▸ **Exercise goal**: Please output all of the entries exactly and omit any images they hold.

▸ **Data to process**:

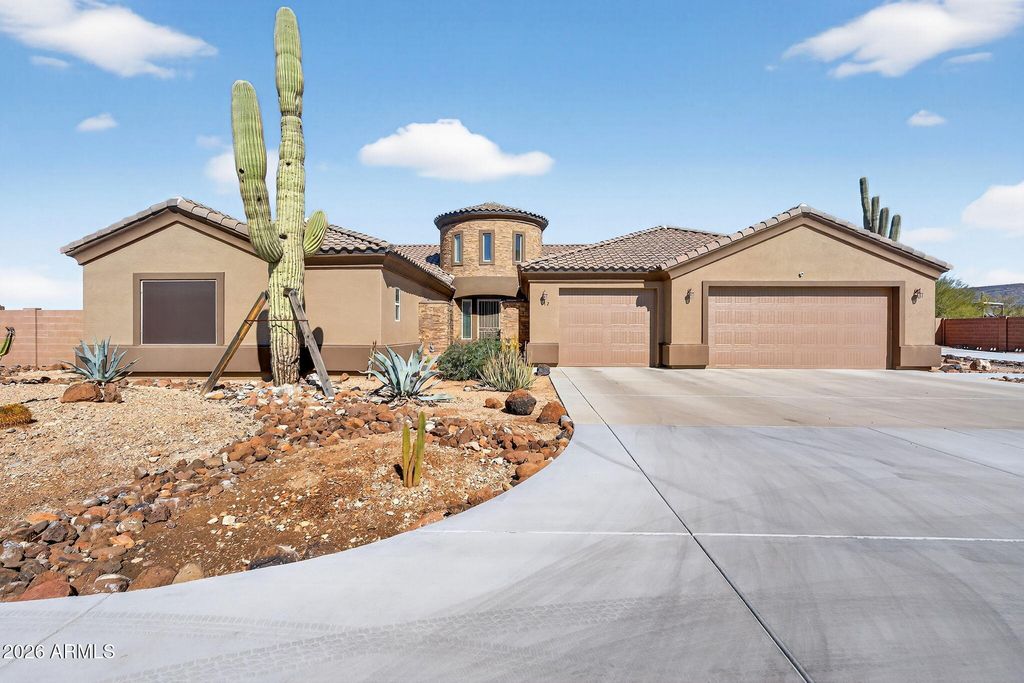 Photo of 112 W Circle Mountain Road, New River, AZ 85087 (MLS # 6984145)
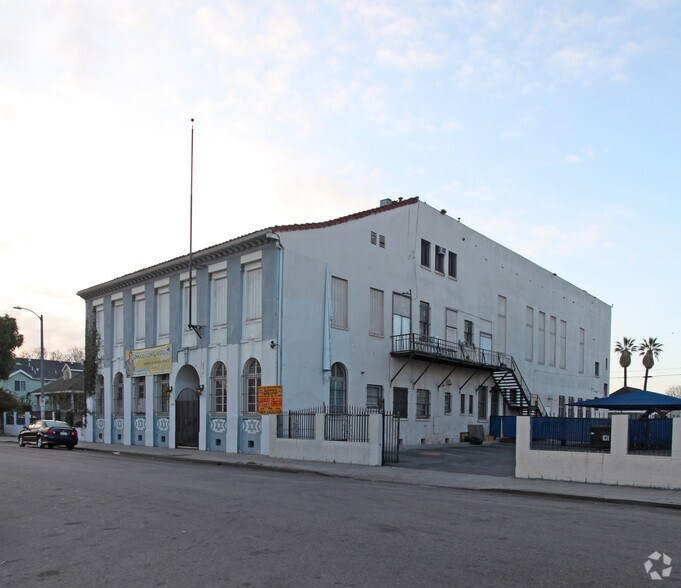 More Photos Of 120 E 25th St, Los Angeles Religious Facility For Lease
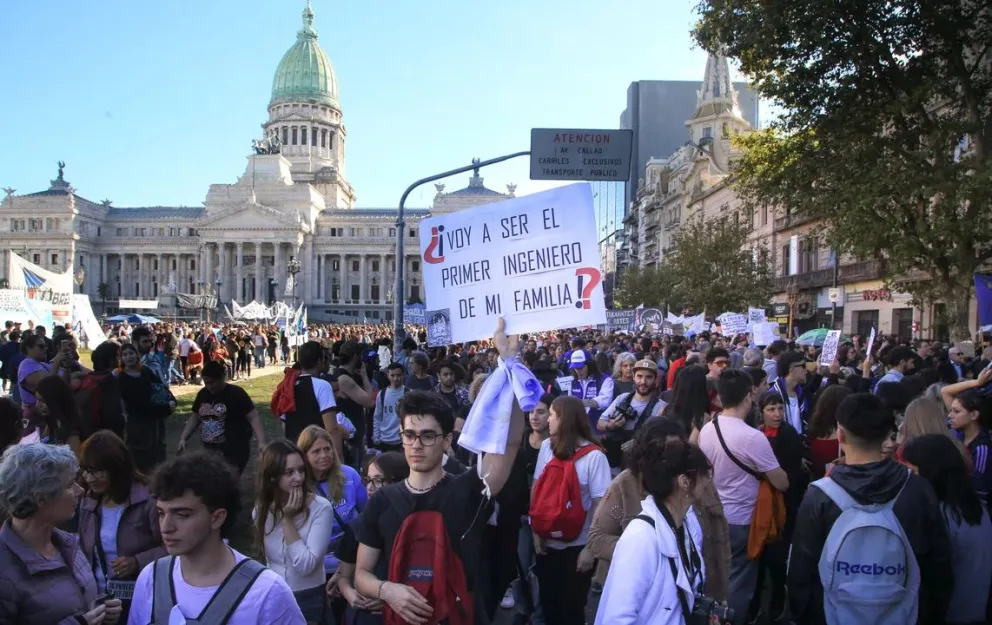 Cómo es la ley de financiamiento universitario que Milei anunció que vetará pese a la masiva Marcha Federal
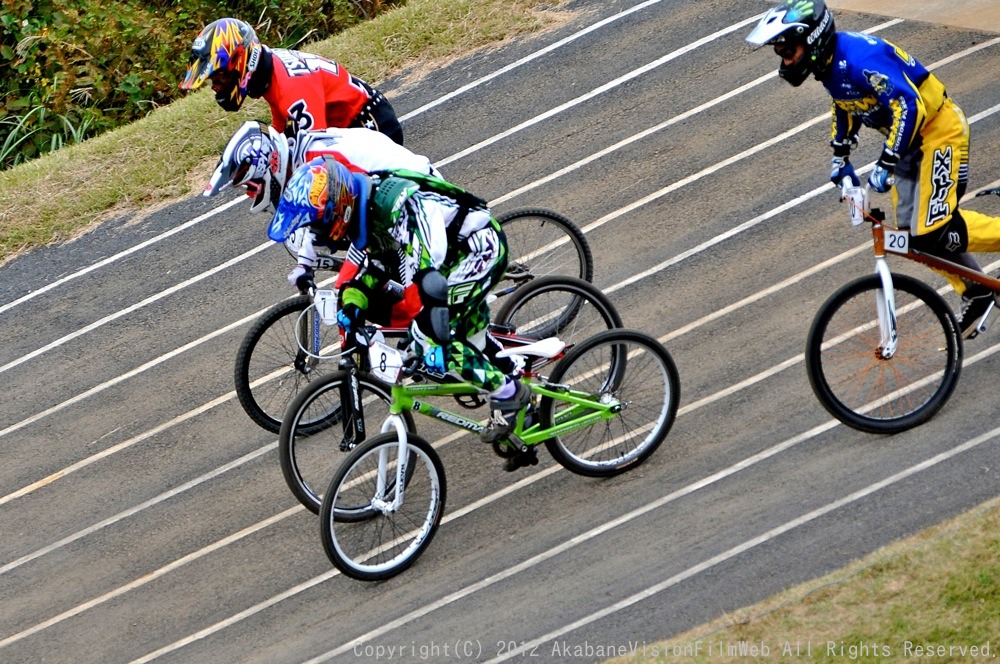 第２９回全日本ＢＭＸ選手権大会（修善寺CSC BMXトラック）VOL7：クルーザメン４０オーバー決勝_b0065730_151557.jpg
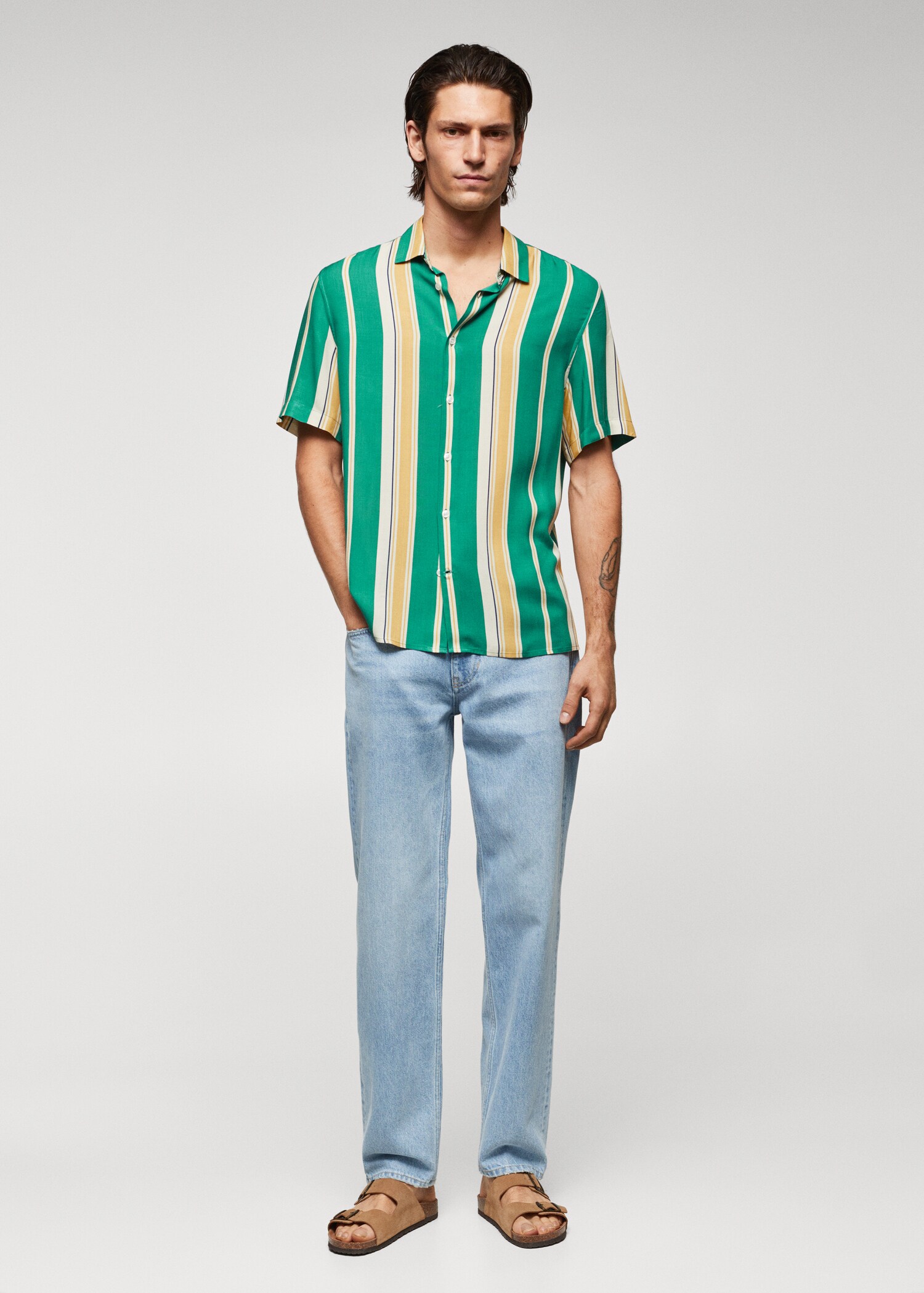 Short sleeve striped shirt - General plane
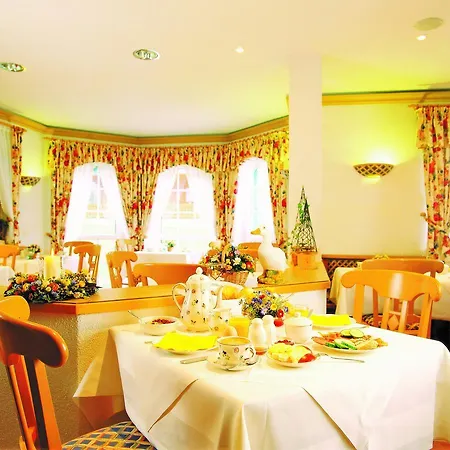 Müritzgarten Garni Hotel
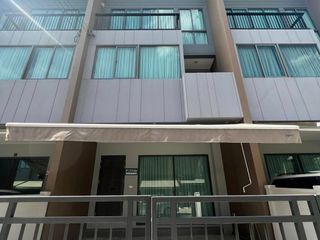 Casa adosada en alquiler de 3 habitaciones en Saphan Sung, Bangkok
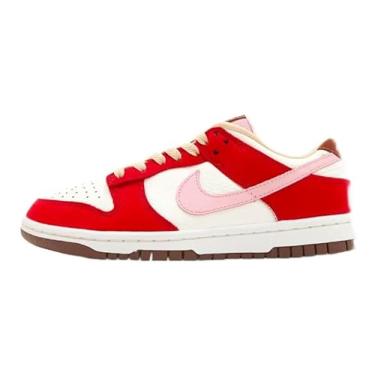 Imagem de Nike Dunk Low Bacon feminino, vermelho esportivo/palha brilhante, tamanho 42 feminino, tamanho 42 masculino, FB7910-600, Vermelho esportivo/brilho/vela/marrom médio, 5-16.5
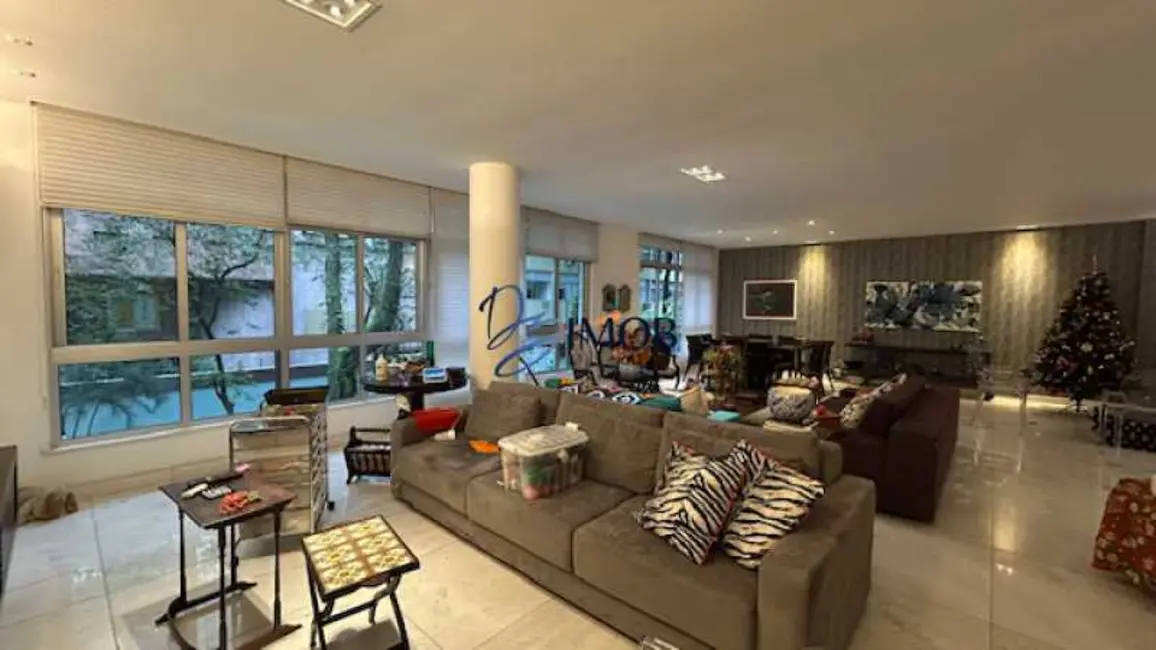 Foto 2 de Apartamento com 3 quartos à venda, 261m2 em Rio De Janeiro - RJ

▸ **Task answer**:
 Photo of 112 W Circle Mountain Road, New River, AZ 85087 (MLS # 6984145)
 More Photos Of 120 E 25th St, Los Angeles Religious Facility For Lease
 Cómo es la ley de financiamiento universitario que Milei anunció que vetará pese a la masiva Marcha Federal
 第２９回全日本ＢＭＸ選手権大会（修善寺CSC BMXトラック）VOL7：クルーザメン４０オーバー決勝_b0065730_151557.jpg
 Short sleeve striped shirt - General plane
 Müritzgarten Garni Hotel
 Casa adosada en alquiler de 3 habitaciones en Saphan Sung, Bangkok
 Imagem de Nike Dunk Low Bacon feminino, vermelho esportivo/palha brilhante, tamanho 42 feminino, tamanho 42 masculino, FB7910-600, Vermelho esportivo/brilho/vela/marrom médio, 5-16.5
 Foto 2 de Apartamento com 3 quartos à venda, 261m2 em Rio De Janeiro - RJ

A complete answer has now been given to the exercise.